### WHAT IS NEEDED:
Below are several records. Retype exactly those lines running from the one with "Grey Twisted Knitted" through the one with "MERKEZ ANA CADDE ÜZERİ KİRALIK 3+1 DAİRE", end lines included, and no others.

### STUDY MATERIAL:
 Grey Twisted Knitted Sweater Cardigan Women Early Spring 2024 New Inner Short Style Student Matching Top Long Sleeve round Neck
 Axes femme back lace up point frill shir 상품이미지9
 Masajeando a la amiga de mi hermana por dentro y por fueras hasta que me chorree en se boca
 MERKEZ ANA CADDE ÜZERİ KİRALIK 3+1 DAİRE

==

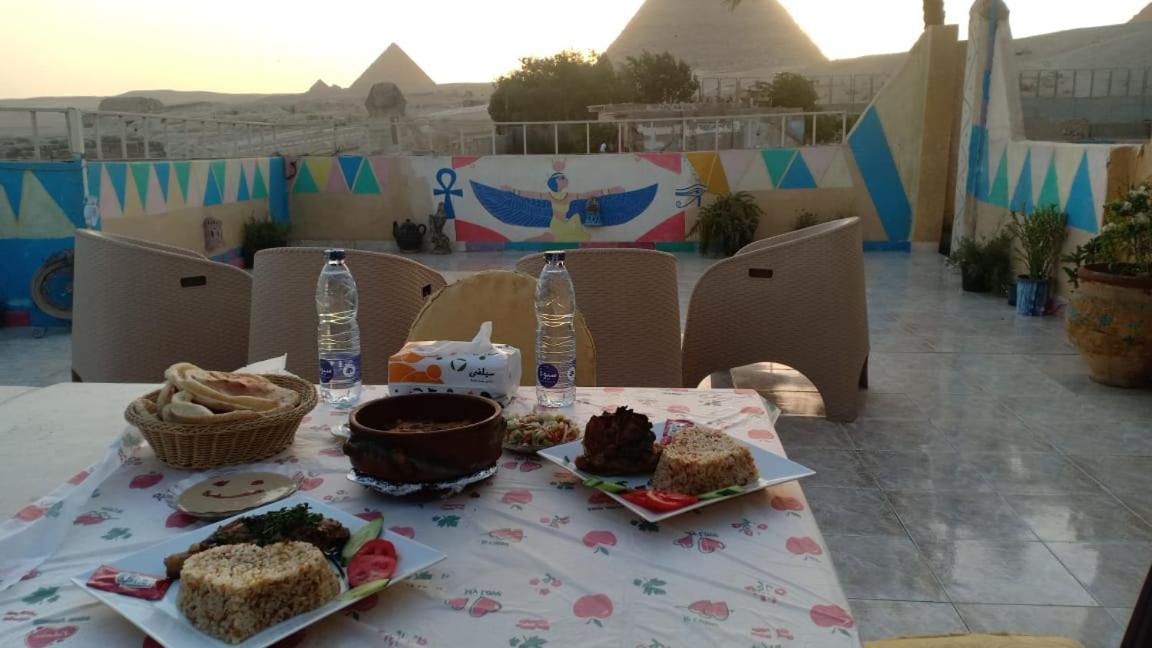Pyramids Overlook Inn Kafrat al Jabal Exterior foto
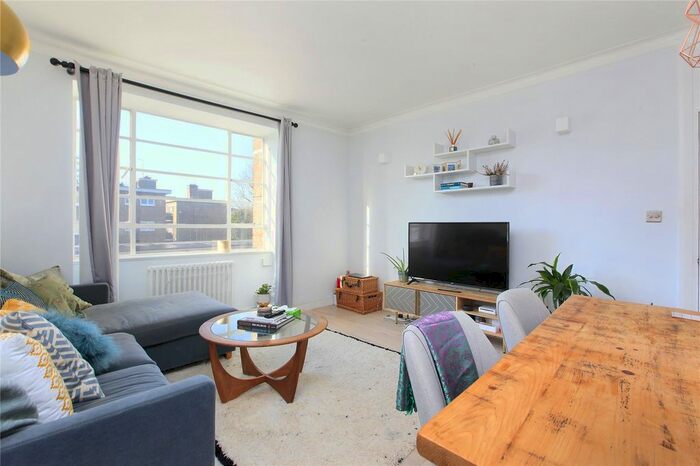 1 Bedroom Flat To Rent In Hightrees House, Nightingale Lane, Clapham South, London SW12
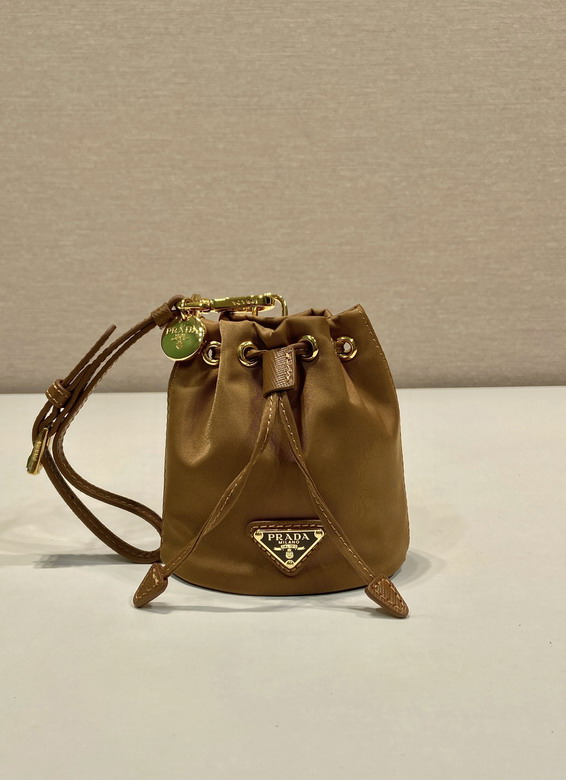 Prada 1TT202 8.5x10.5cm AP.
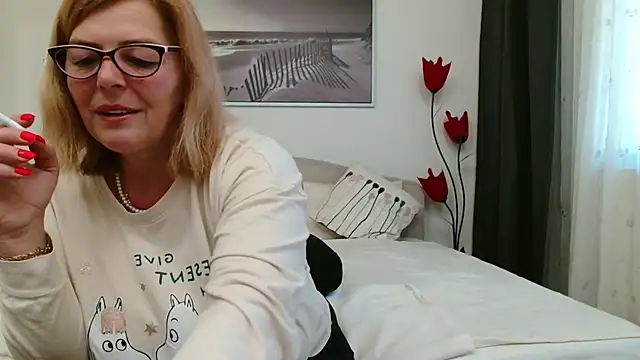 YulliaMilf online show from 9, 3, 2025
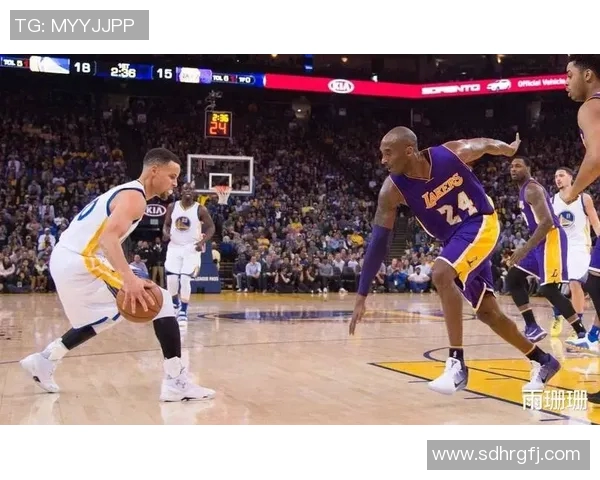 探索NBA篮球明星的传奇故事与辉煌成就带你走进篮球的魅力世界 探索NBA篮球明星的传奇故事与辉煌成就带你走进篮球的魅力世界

### TASK SOLUTION:
 Grey Twisted Knitted Sweater Cardigan Women Early Spring 2024 New Inner Short Style Student Matching Top Long Sleeve round Neck
 Axes femme back lace up point frill shir 상품이미지9
 Masajeando a la amiga de mi hermana por dentro y por fueras hasta que me chorree en se boca
 MERKEZ ANA CADDE ÜZERİ KİRALIK 3+1 DAİRE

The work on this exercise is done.